■ Work to complete: Print, please, exactly the lines from the one with "Griddle Dome & Sauce Bottles" through the final line of the data below, with both ends included and the pictures left out.

■ Data segment:
= Beginning of Section =

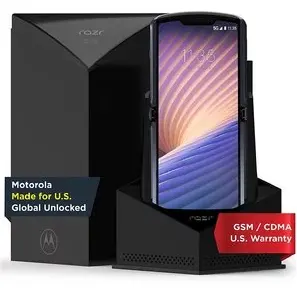 金盒特价！Motorola，Samsung 等多品牌手机 低至5折促销 刀锋折叠款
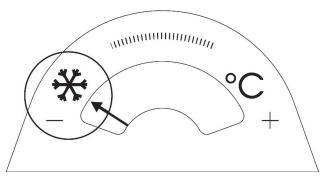 HOTPOINT BCB 7030 AA S - Regolazione temperatura - 1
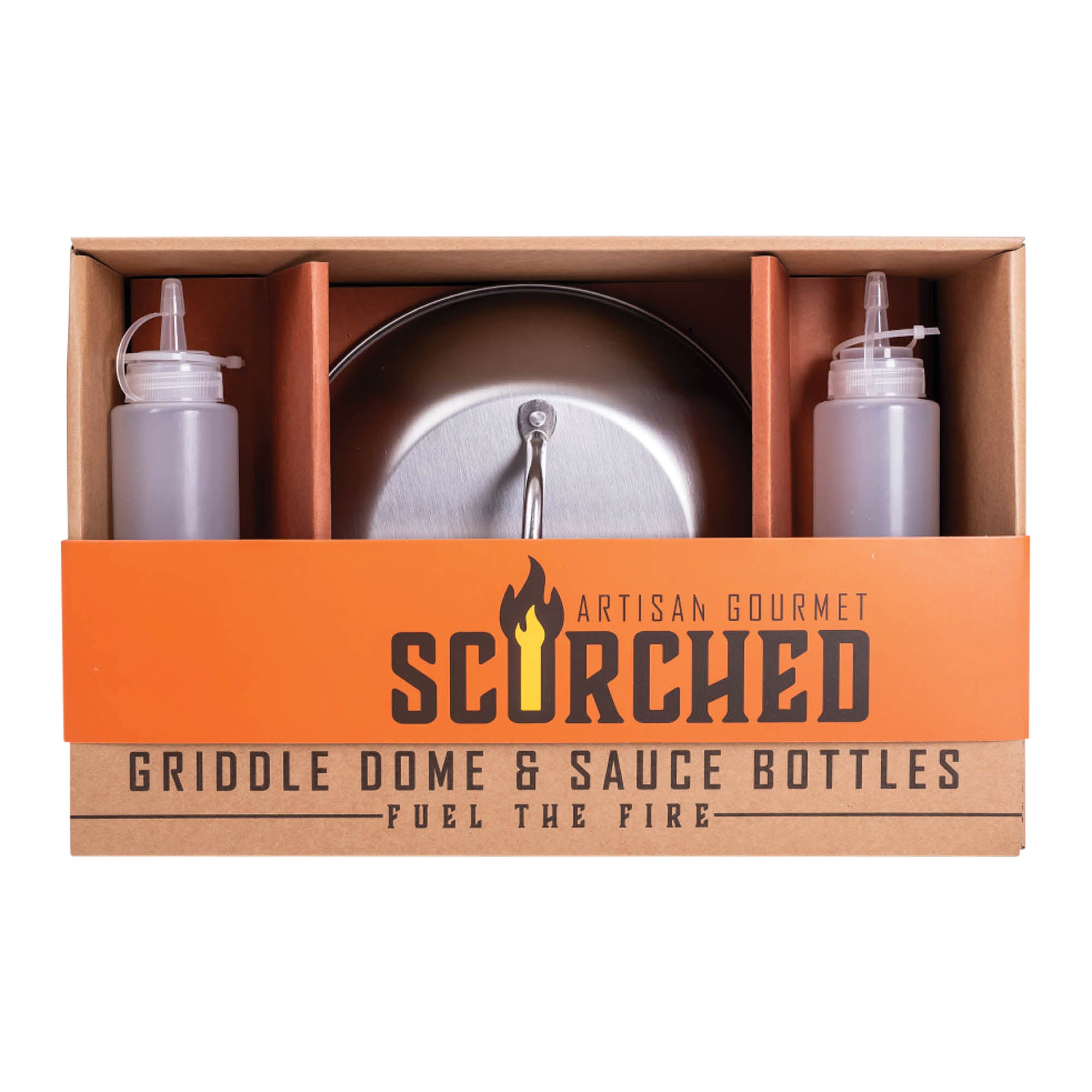 Griddle Dome & Sauce Bottles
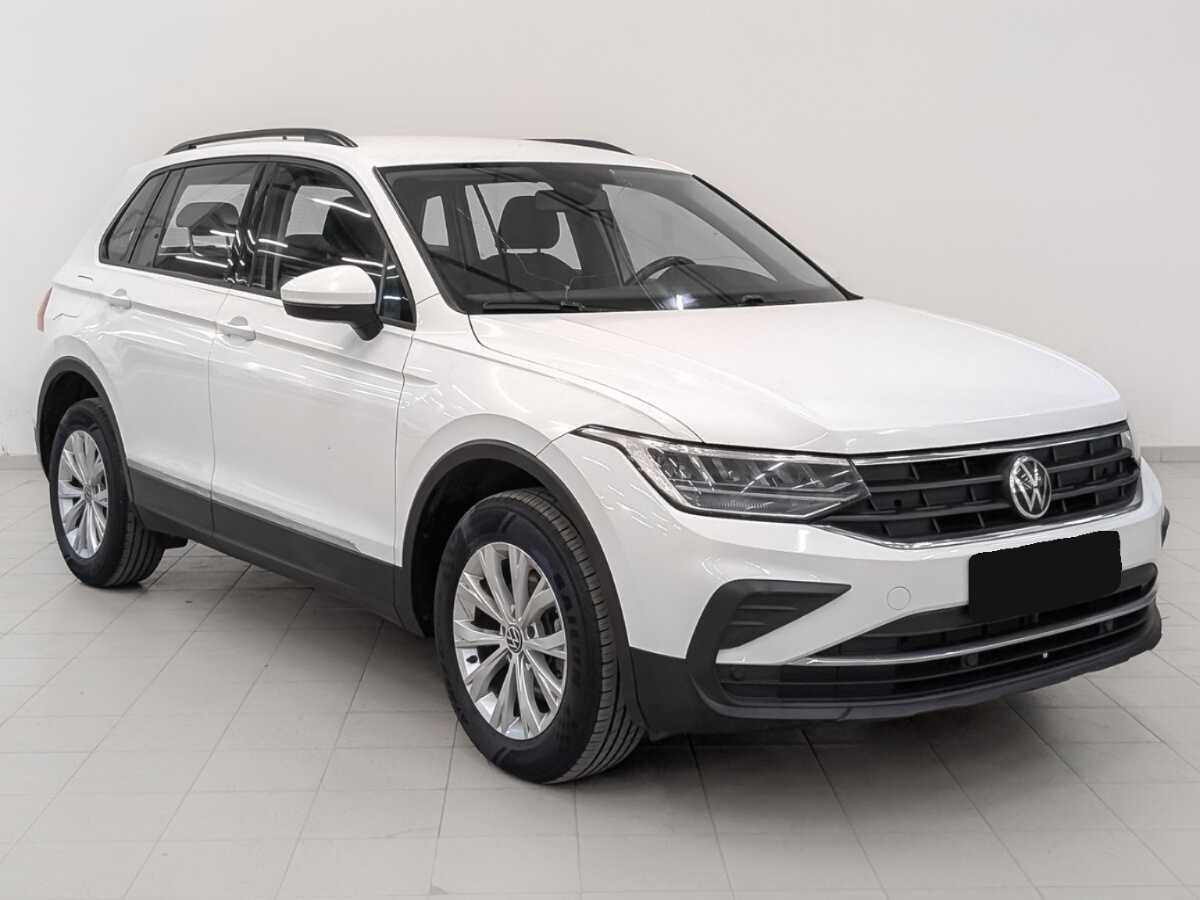 Купить Volkswagen Tiguan, 2021, 163 952 км.. Фото: #2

= End of Section =

■ The answer:
 Griddle Dome & Sauce Bottles
 Купить Volkswagen Tiguan, 2021, 163 952 км.. Фото: #2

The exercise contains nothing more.